The stem algorithms available for German in Elasticsearch perform not good. But there are alternatives. Namely Apache Lucene/Solr offers already the GermanStemmer based on the Caumann stemming algorithm. There is the newer Cistem stemmer, too. This stemmer is already available for NLTK. The authors of the Cistem stem algorithm compared the different stem algorithms and it seems the Caumann and Cistem stemmers are the best stem algorithms for German (see the study results). Are there any plans to incorporate these two stemming algorithms into Elasticsearch or will it be the only option to write a custom plugin in order to use one of these German stemmers.
The GermanStemmer is available via the german_stem
token filter, as that one uses a GermanStemFilter
, which in turn uses the GermanStemmer
.
For the Cistem stemmer you would need to write your own plugin...
Thanks for the reply.
I couldn't find any information about the GermanStemmer/GermanStemFilter in the elasticsearch documenation.
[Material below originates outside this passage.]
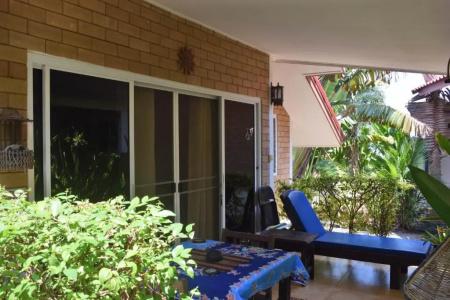 Sanuk bungalows - 27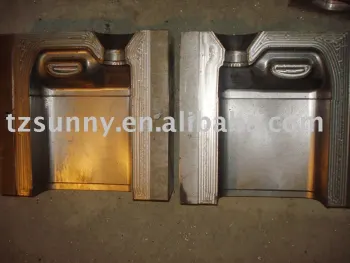 Oil Tank Mould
(Is there any reference to this stem filter in the official documentation?)
I tried the Cistem stemmer via a custum plugin, too.
For example the words Wunsch, Wünsche, gewünscht and wünschen where all reduced to the same stem (wunsch). The Caumann stemmer didn't do that.
But both stemmers seem to have their limitations. So for example Freund and Freunde where stemmed to a different stems than Freundin and Freundinnen.
stemmers for german languages are tricky in general. If those results are not good enough you could always resort to a dictionary based stemmer like the hunspell
one.
We should update the documentation to update the german_stem
. I'm happy to do that, unless you would be willing to submit a pull request.
--Alex
Hi, Alex,
once again thanks for the information.
Another option could be mix stemming with synonyms for words known not to be stemmed appropriately. But that would be a somewhat static way to deal with this problem.
Could you please update the documentation.
While this is a possible workaround, please note that there might be caveats in ranking synonyms slightly differently than stemmed tokens. For example, we currently explore ways to slightly deboost matches on synonym tokens in search. The same might be useful for stemmed vs. non-stemmed tokens, but those two things are semantically different and might be treated differently in scoring in the long run.
btw. this sounds very interesting, which plugin did you use? Is it publicly available? Looks like the library is MIT licensed at least, which is great.
See https://github.com/LeonieWeissweiler/CISTEM/blob/master/Cistem.java (not the plugin, just the java class), I hope that's what you meant?
Ah, okay. Sounded like there's a ready-to-install plugin already, but apparently not.
I wrote my own custom plugin using the stempel and ICU plugins as templates.
That sounds very interesting. I would be interested to try it if you want and are able to share, even if its in a WIP state, as long as I can build it from source. No problem if thats not possible though.
If you are interested in testing the plugin, I will try my best. But it will be next week that I will notify you.
This topic was automatically closed 28 days after the last reply. New replies are no longer allowed.